Marcio López es el último en hablar y la razón de su viaje es agradecerle al baqueano Osvaldo Araya (hermano de Antonio, que encontró a los uruguayos sobrevivientes) haberle salvado la vida hace 31 años. Tenía 21 y había viajado hasta ahí junto con una periodista, y pocos más, para buscar una de las baterías del avión caído. A poco de llegar, el clima se tornó despiadado. Algunos querían seguir, pero Osvaldo fue tajante y dio la orden de volver. El camino, debajo de la nieve, había desaparecido. Tenían que cruzar una yesera a 800 metros de altura y no sabían por dónde. A los gritos, Araya indicó que lo esperasen, se fue y volvió con 12 vacas. Las hizo pasar de a una, y de a una iban cayendo al vacío, hasta que la vaca número nueve pisó bien y eso les indicó por dónde atravesar la yesera. Para entonces, Marcio tenía manos y pies congelados. Cuando llegaron al puesto, el mismo Araya comenzó a pegarle en las extremidades para reavivar la sangre. Hoy, 31 años después, viajó a Mendoza para decirle gracias. “El poder encontrarme con Araya personalmente, para mí, fue lo más importante de todo el viaje”.

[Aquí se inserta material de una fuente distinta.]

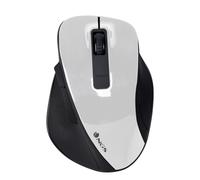 NGS Bow White - Ratón Inalámbrico RF 2,4Ghz, Ratón Óptico Sin Cable 800/1200/1600dpi para Ordenador, Scroll + 5 Botones, Ergonomía Diestros, Blanco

La entrevista se interrumpe porque alguien me habla al oído. “Mirá allá arriba, Guada”. Todos giramos la cabeza, una luz atraviesa el cielo. Unos dicen que es una estrella, otros aseguran que es un ovni, que un avión no es. El cielo fulgura y las laderas están apenas iluminadas, las carpas azul marino también resplandecen bajo los pequeños focos de luz. Los caballos toman agua de los claros, hay aroma a leña. Es un instante mágico.

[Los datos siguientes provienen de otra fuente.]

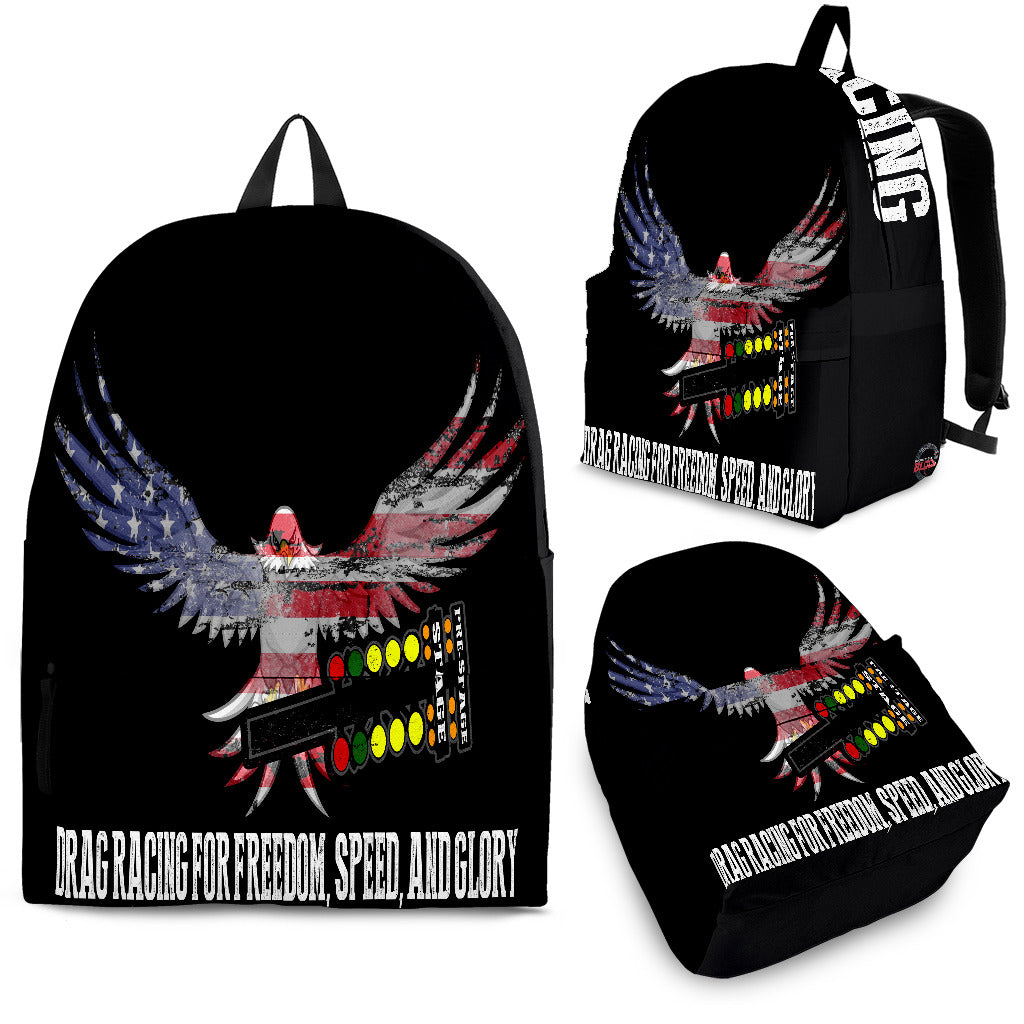 Drag Racing For Freedom, Speed, And Glory Backpack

Al día siguiente nos levantamos temprano. Fernando organiza la salida, los baqueanos ensillan caballos, una de las chicas está verdaderamente afligida porque el día anterior se descompuso y hoy le informaron que no puede salir. Pienso que ahora no entiende, pero, en realidad, la están cuidando y eso me alivia; significa que nos cuidan a todos.

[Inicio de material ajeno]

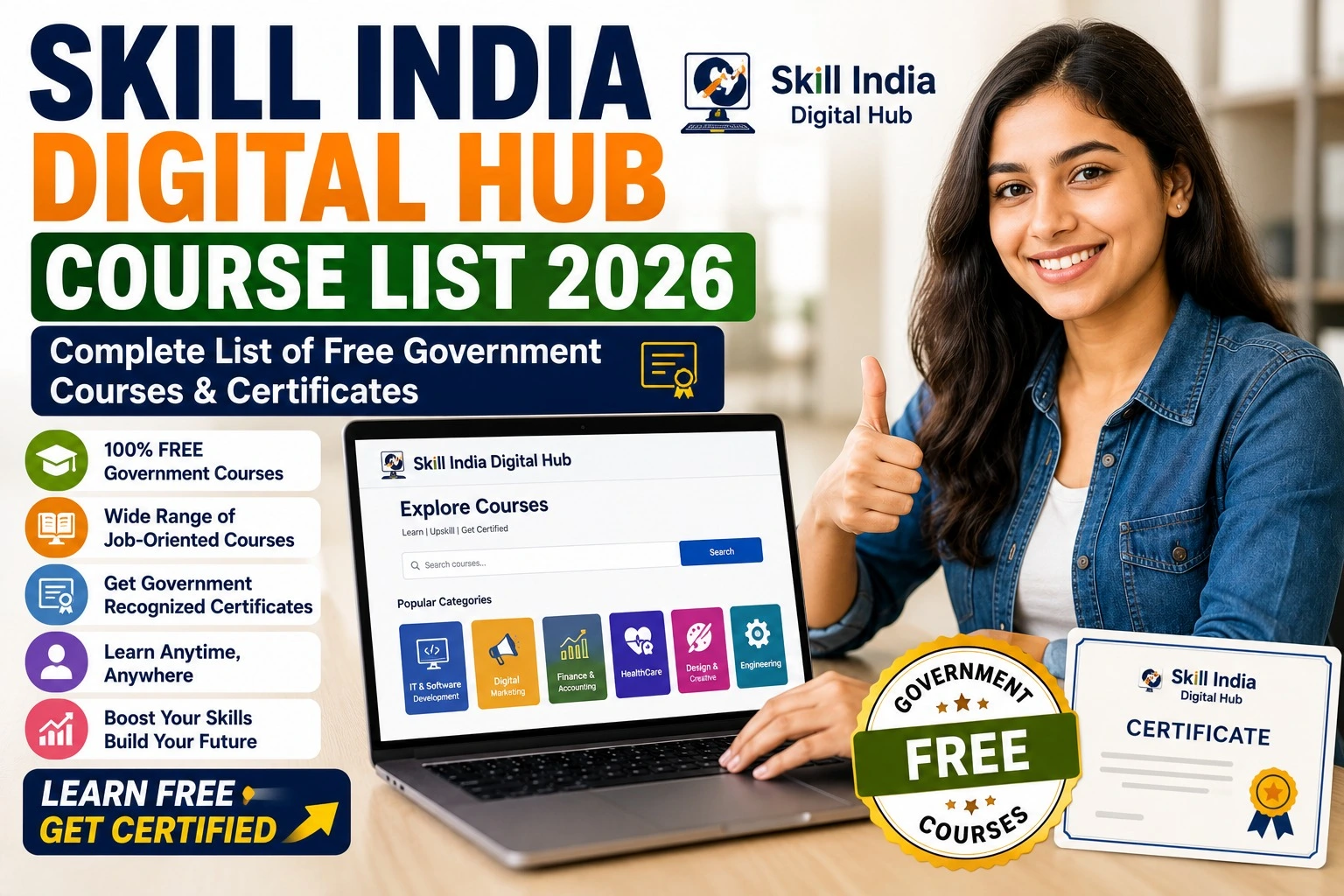 Skill India Digital Hub Course List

Andaremos ocho horas a caballo. Después de las primeras dos, atravesando paisajes entre lagunas y valles glaciares, cruzamos el Río de las Lágrimas. Desde ahí comienza un importante ascenso hasta los 3.600 msnm, donde se encuentran los restos del avión y el memorial con placas conmemorativas. “Hubo cornisa, precipicio, bajadas muy impresionantes… Espero que las fotos estén bien”, escribo en mi diario de viaje.
Vamos en fila, un caballo detrás del otro, en silencio. Estamos en la recta final, cada uno con sus pensamientos y de frente a la montaña. Cuando llegamos al memorial, el silencio es aún mayor, el lugar se impone, se oye el soplido del viento.
Me acerco al sitio donde están las placas, pañuelos, flores de plástico sostenidas con piedras pesadas, leo nombres. Miro para todos lados como buscando algo, estoy conmovida y no lo esperaba. Judit tiene puesta una remera del Club de Rugby Old Christians, donde jugaban la mayoría de los pasajeros del vuelo. Marcio observa una de las ventanas del avión: “Lo que más me impacta –dijo la noche anterior– es que el avión cayó en un lugar que, bajo el sol, es un paisaje de ensueño y, a la vez, ante un mal clima, es el verdadero infierno”.